Bill McDonald’s cinematography class was the most valuable thing I took away from my education at UCLA. To this day, I apply things he taught us — everything from “What’s an F stop?” to etiquette on set. I remember holding an ARRI film camera in my hands for the first time and telling Bill, “I’ve been waiting my whole life for this.” That’s where everything kind of clicked for me.
Megan Leavey marks the first time you worked on a feature film directed by a woman, Gabriela Cowperthwaite. What was that like?
That was the most fun I’ve ever had on a movie — seven weeks in Spain, two weeks in South Carolina. I love to shoot action, with dynamic camera movements. The director of photography, Lorenzo Senatore, operated the A camera on Beauty and the Beast. He wanted to use handheld cameras to make the story feel very subjective. Since I was the same height as [actress] Kate Mara, he thought I’d be perfect to operate the camera, because she’d always be at my eye level. I was so excited to work with Gabriela because she trusted me and gave me a lot of freedom.
Even in 2017, Megan Leavey still seems to be an exception in an industry where crews remain mostly male. What’s it like to be the only woman on set?

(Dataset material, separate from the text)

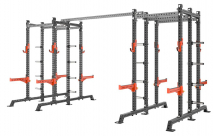 Функциональная рама IMPULSE FITNESS Mega Space 9MS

I’ve had my fair share of encounters with people who think I’m there only because I’m “cute.” It’s not only about me being female. It’s also about being young, and some people have a real problem with that. Fresh out of school, I had assistants who were twice my age, and I had to tell them what to do. I had to tell grips what to do. I had the art department to constantly communicate with. I didn’t want to come off as mean or spoiled or bratty, because of course if a woman is strong and firm, then she’s a bitch, right? That’s just kind of the way it is. I tried to be super polite, to the point where I let people walk all over me.
So how did you get comfortable with being in authority?
I decided to just be honest and ask the people around me for help: “I’m obviously green, and you’ve done this for 20 years. This is the kind of shot I want to do — how do we execute?” I’ve learned so much from my assistants and the grips and the gaffers who’ve been at it for years. And now, with experience, I’ve seen enough to know what works and what doesn’t. I’ve started to trust my gut.
Do you see change ahead for women in below-the-line movie jobs?
You have to work twice as hard because you have to be better than the boys, which is kind of sad. But with every day that passes, I think it becomes “cooler” to have girls on set. Some states are even offering tax incentives if you have more than a certain percentage of females on your crew. It’s definitely getting easier, but it’s not going to be easy for a long time.